Task goal: Find the line that contains "Luca | Nowoczesny sweter casualowy" in the records below, then repeat exactly that line and each one after it, leaving pictures out.

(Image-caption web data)
####
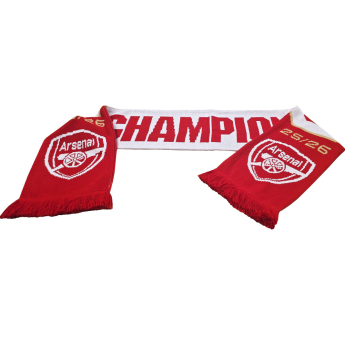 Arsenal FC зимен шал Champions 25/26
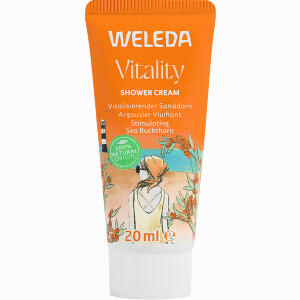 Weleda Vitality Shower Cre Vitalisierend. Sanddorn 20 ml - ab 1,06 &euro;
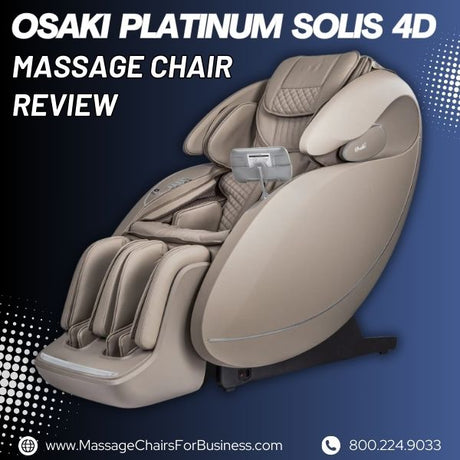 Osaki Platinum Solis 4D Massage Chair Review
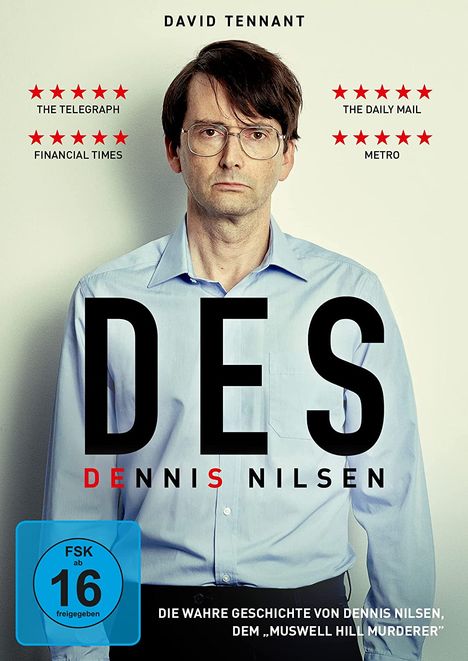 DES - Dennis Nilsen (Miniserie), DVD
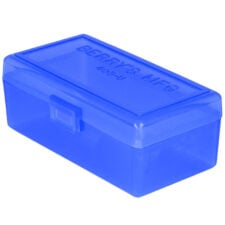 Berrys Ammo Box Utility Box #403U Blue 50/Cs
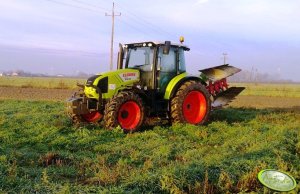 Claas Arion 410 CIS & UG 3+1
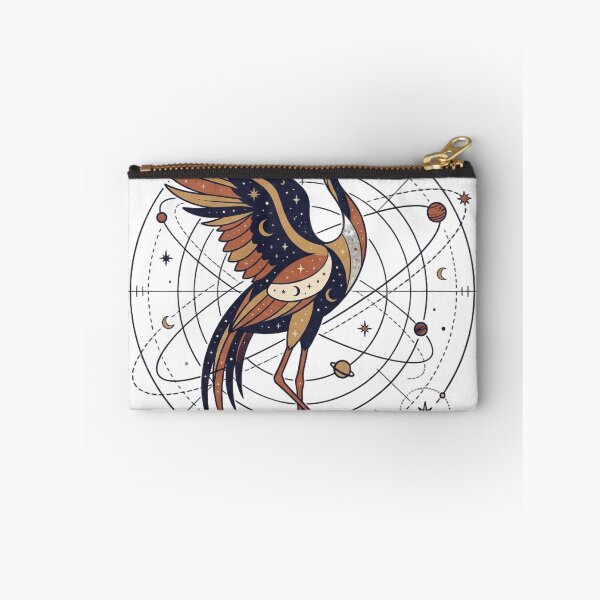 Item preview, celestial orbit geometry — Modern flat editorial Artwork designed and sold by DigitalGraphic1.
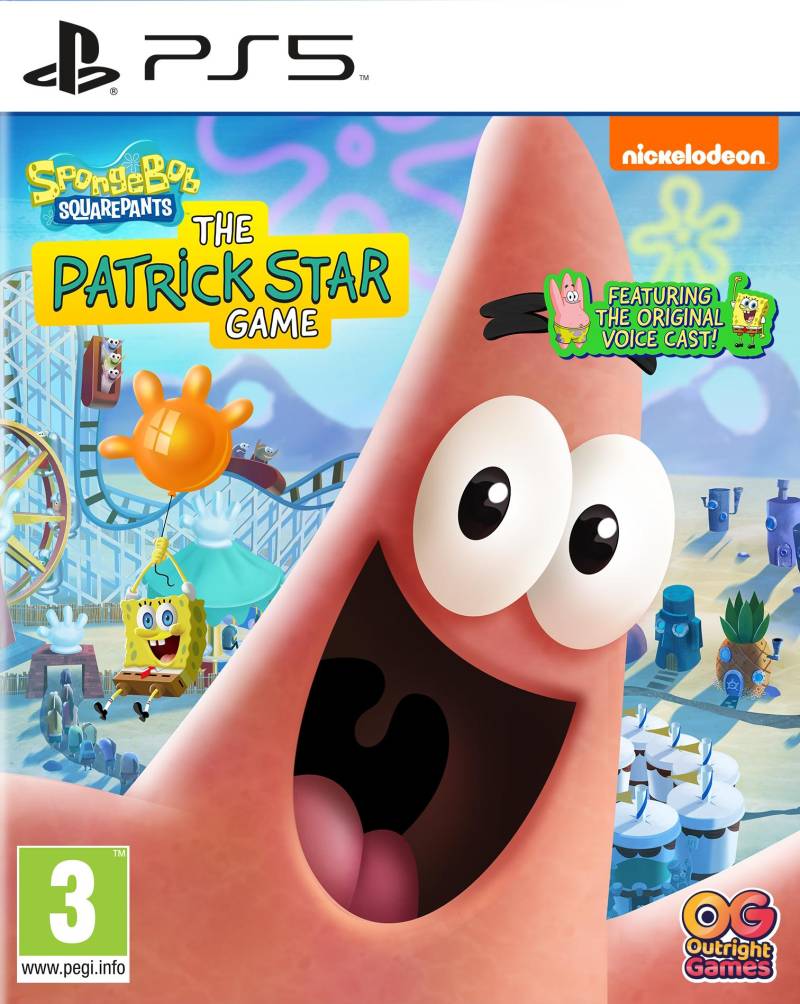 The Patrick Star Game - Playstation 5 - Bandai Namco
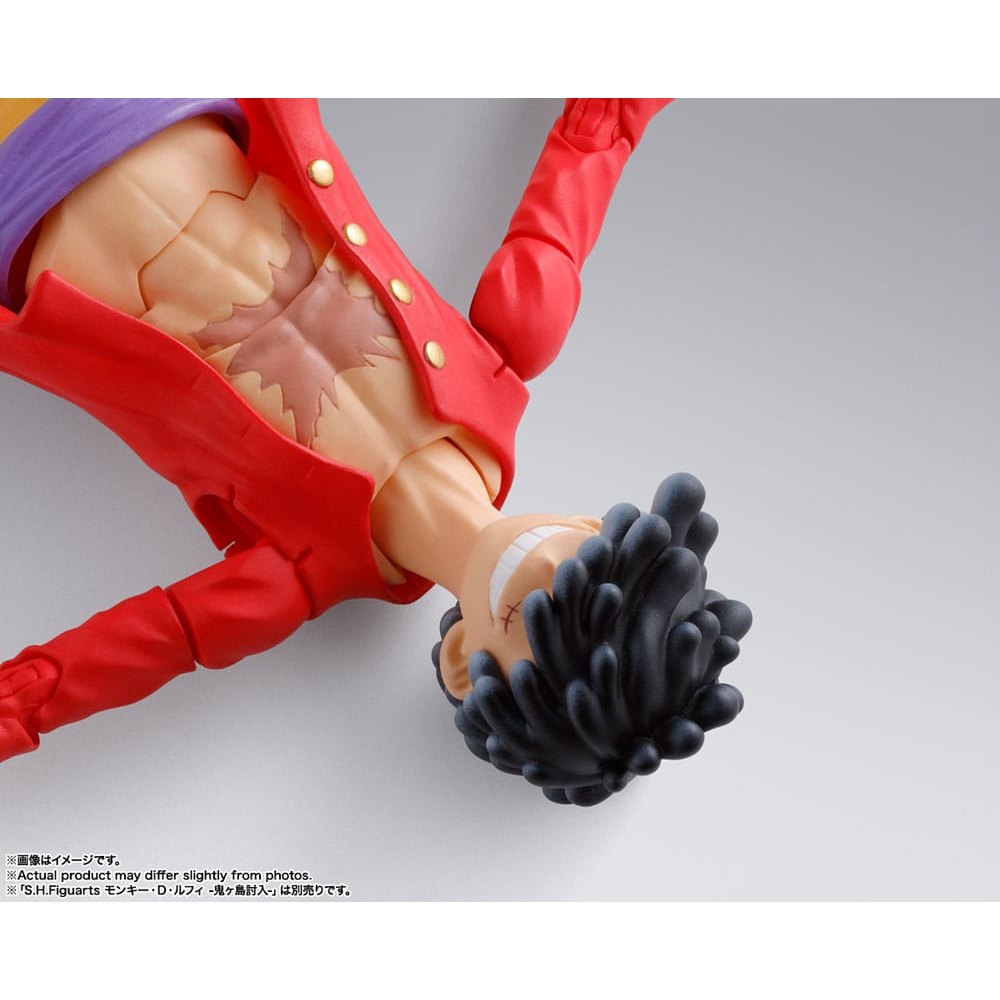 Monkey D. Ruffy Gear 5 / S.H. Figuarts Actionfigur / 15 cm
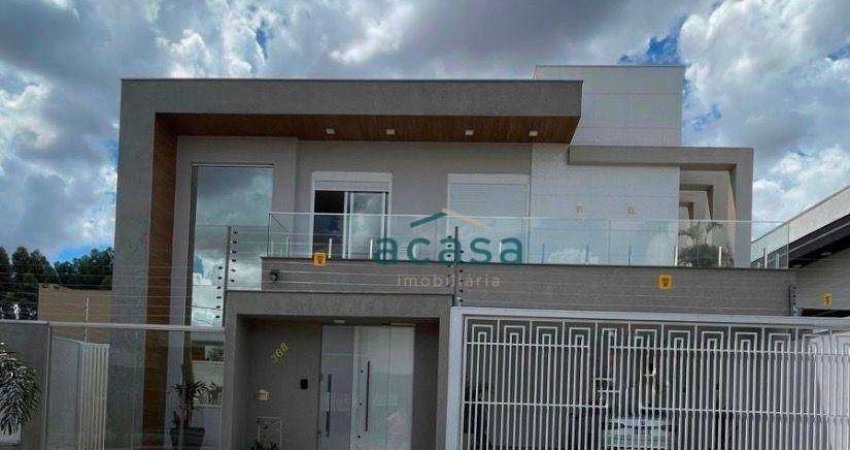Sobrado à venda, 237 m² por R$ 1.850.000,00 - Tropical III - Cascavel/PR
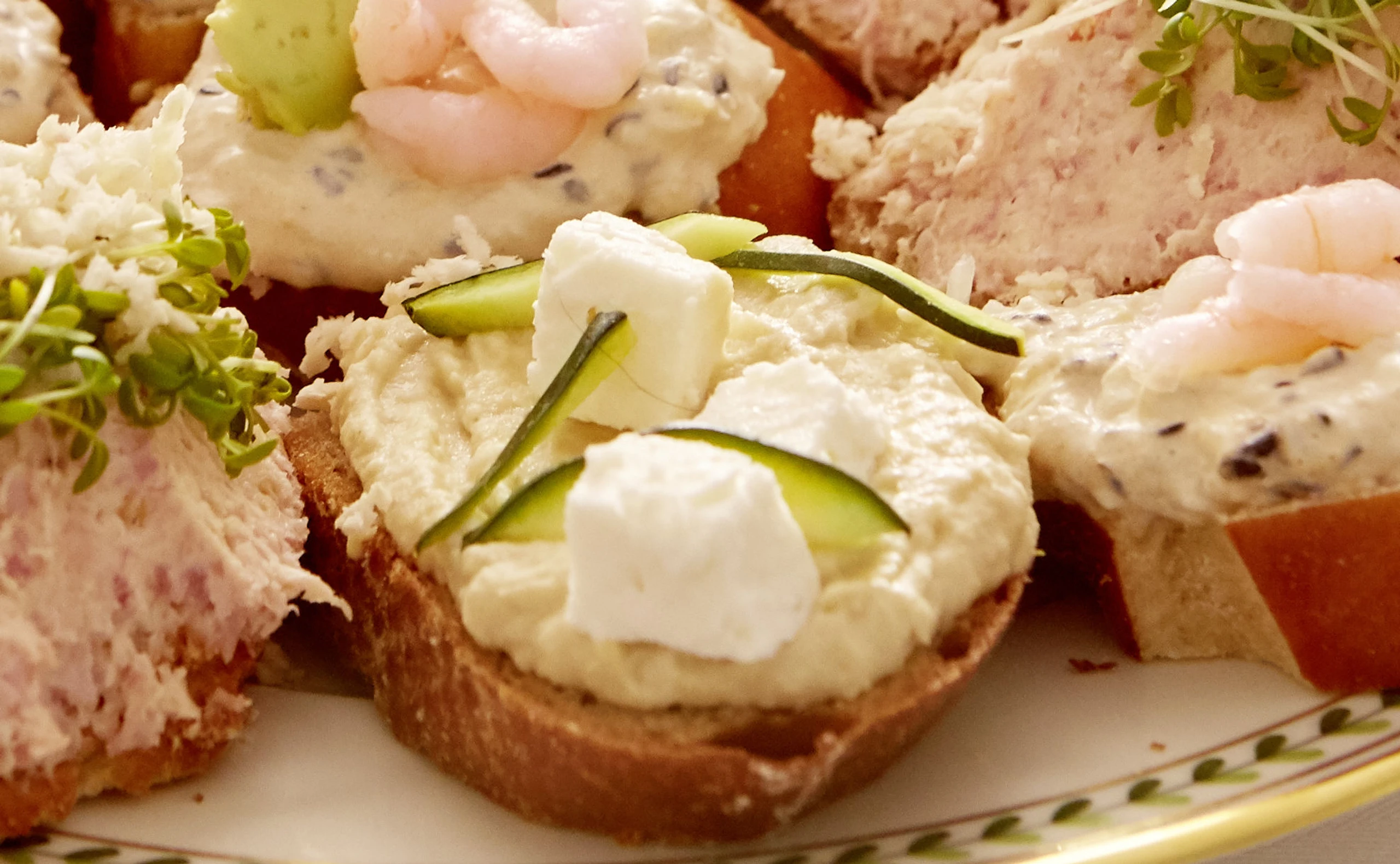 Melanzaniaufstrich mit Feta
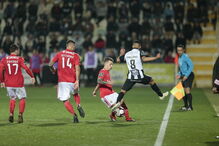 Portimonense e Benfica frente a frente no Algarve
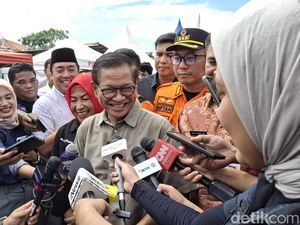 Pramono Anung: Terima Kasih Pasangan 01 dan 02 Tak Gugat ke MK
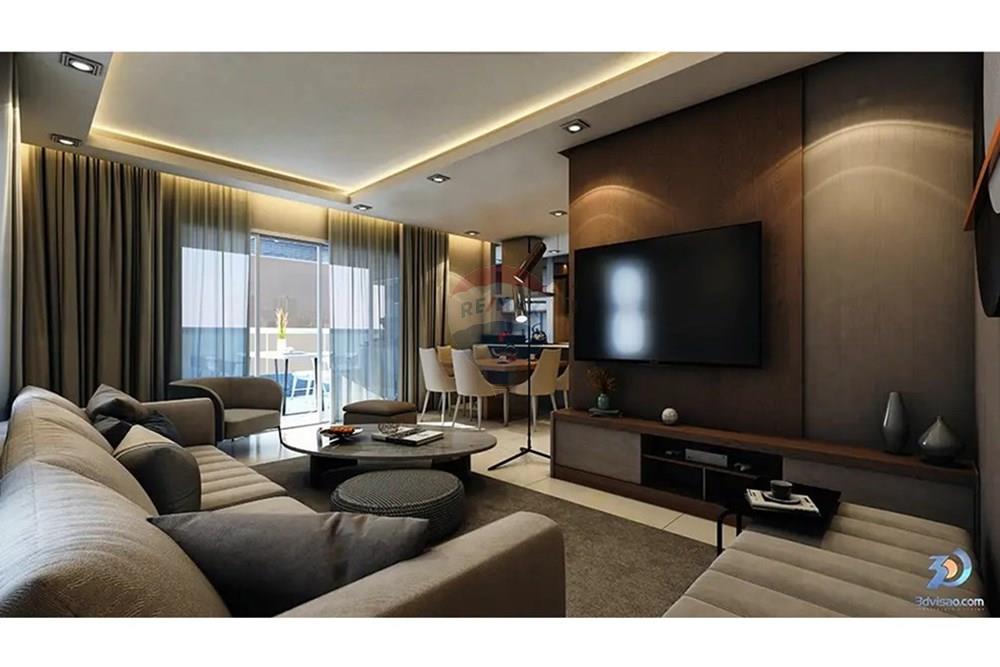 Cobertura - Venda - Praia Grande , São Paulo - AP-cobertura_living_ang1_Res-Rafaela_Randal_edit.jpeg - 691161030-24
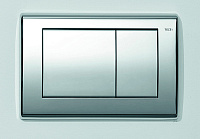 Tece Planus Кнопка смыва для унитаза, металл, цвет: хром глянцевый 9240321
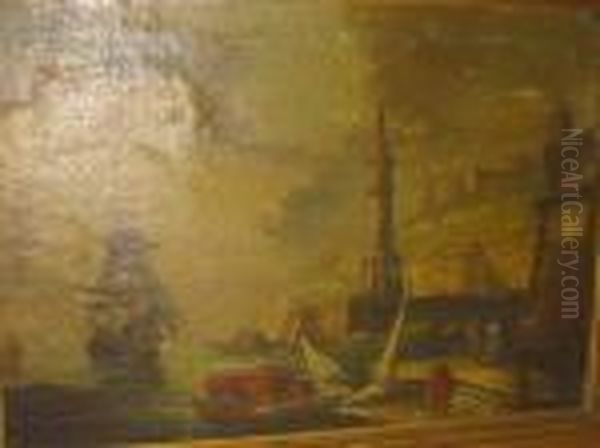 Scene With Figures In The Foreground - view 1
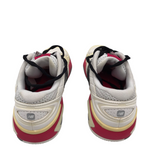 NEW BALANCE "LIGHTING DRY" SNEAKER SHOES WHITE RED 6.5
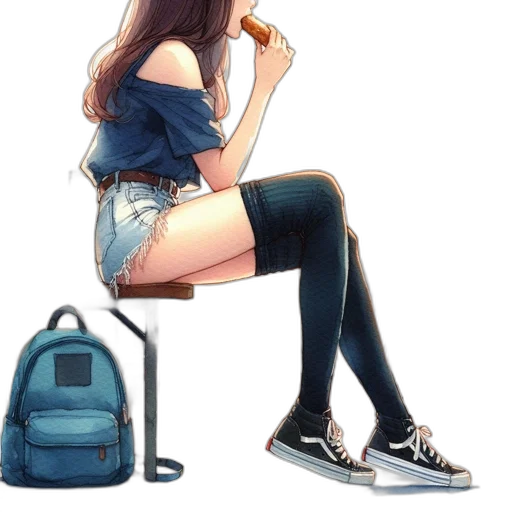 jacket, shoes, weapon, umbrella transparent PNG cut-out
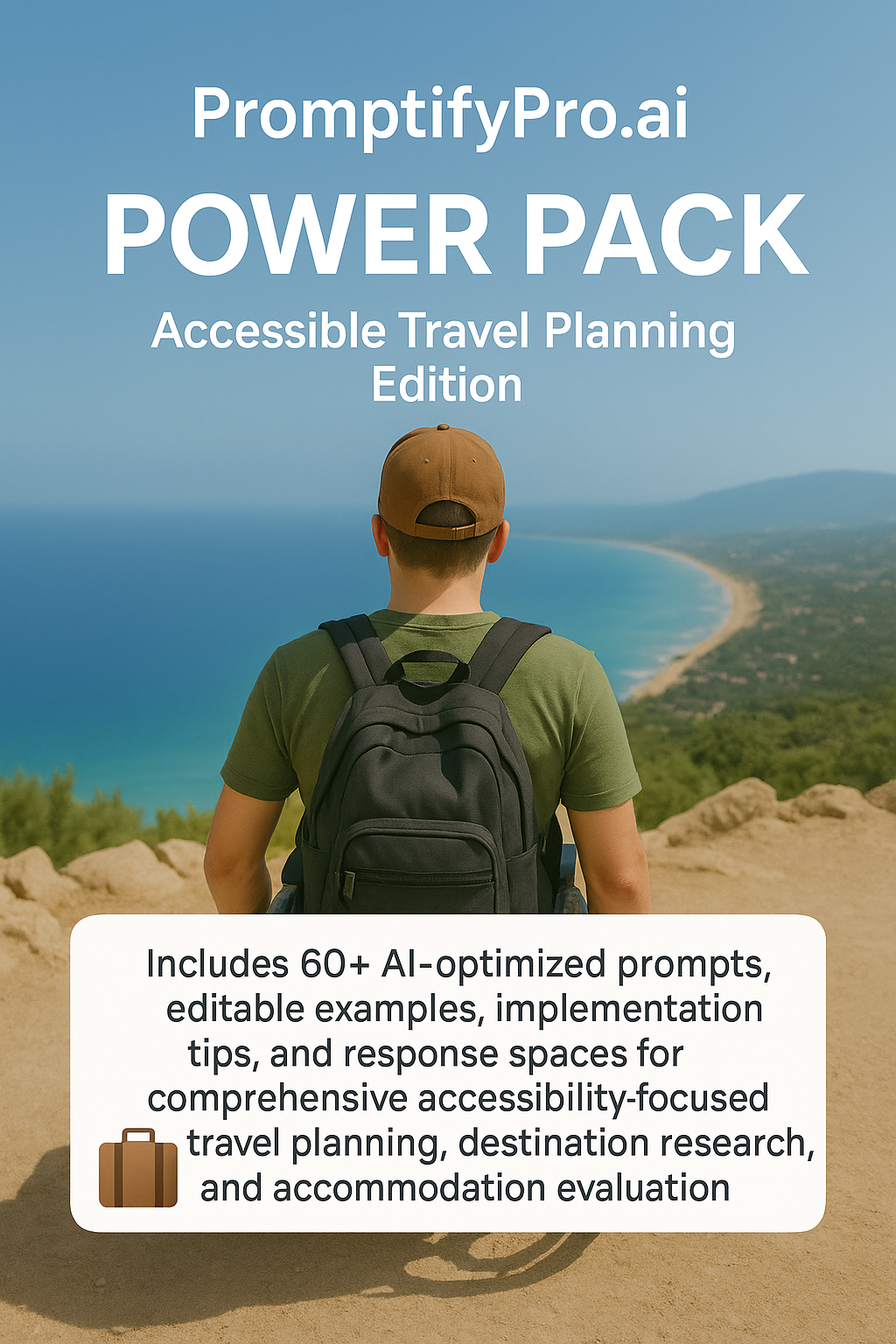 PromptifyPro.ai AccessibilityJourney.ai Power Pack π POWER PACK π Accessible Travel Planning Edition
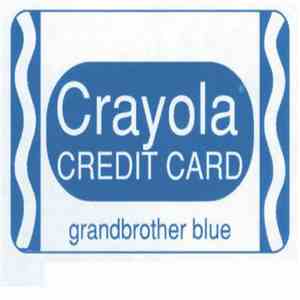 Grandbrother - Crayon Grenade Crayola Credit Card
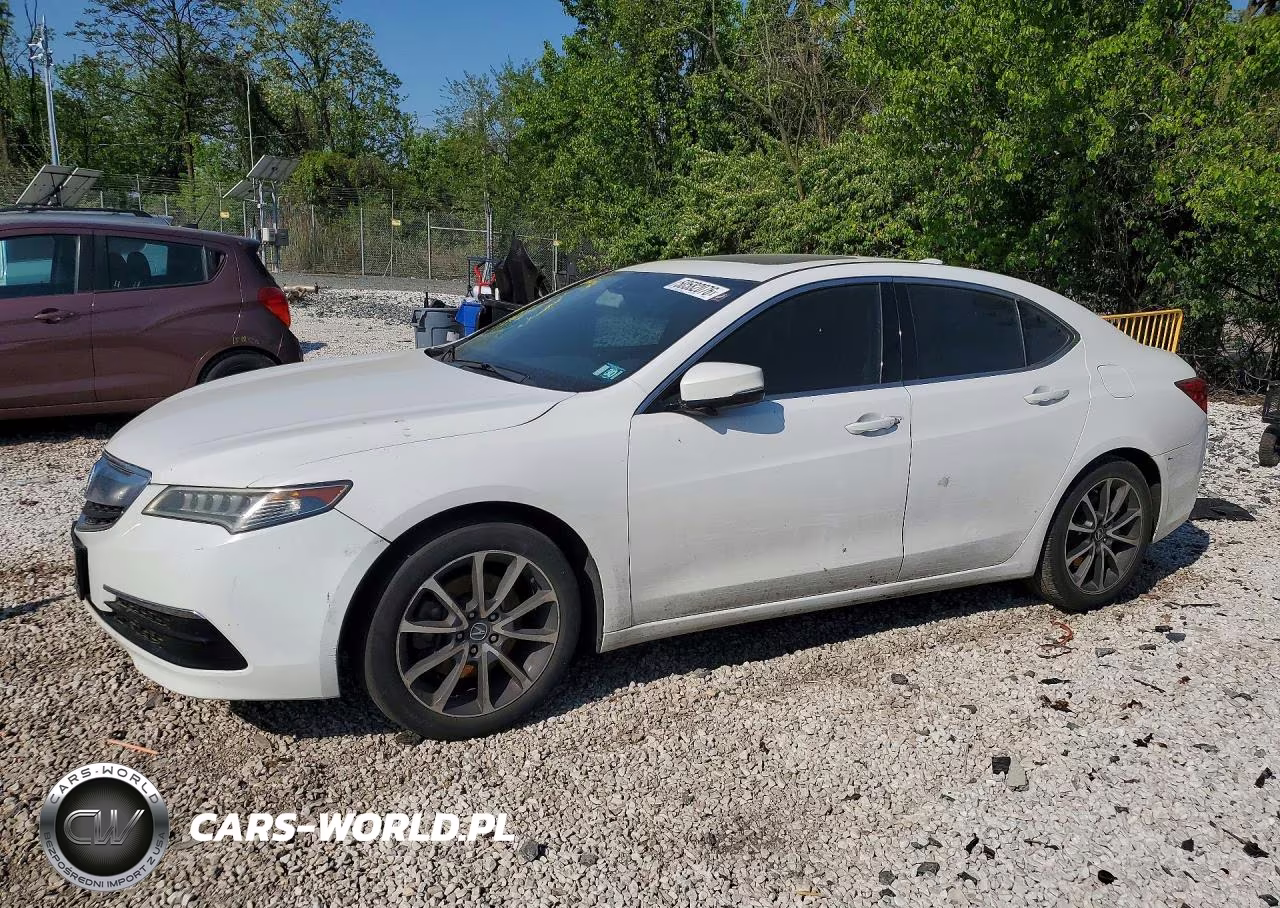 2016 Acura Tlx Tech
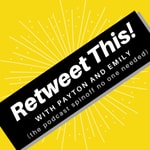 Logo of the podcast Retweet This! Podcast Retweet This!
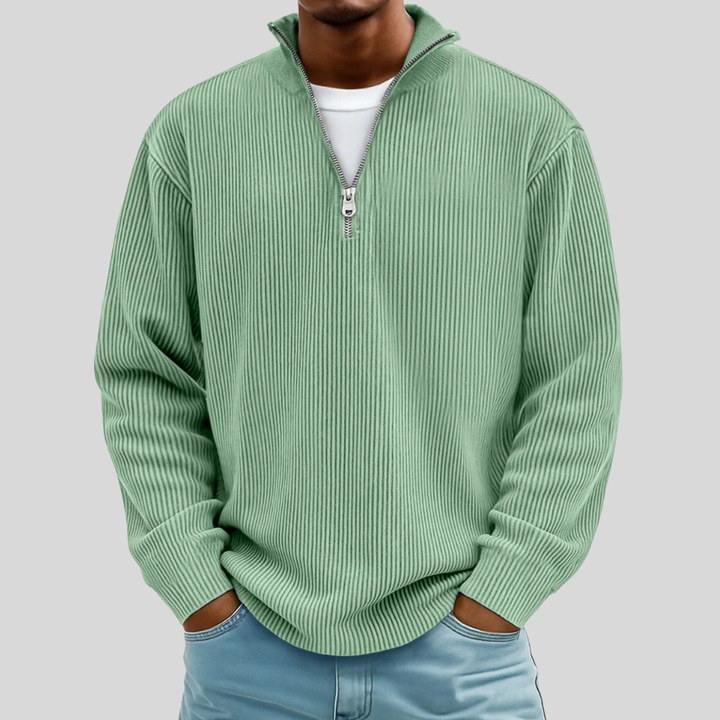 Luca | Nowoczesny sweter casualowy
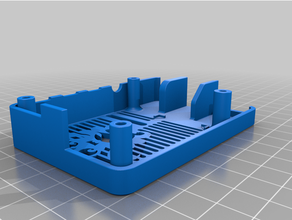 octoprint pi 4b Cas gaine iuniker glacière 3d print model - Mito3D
####
Your response:
 Luca | Nowoczesny sweter casualowy
 octoprint pi 4b Cas gaine iuniker glacière 3d print model - Mito3D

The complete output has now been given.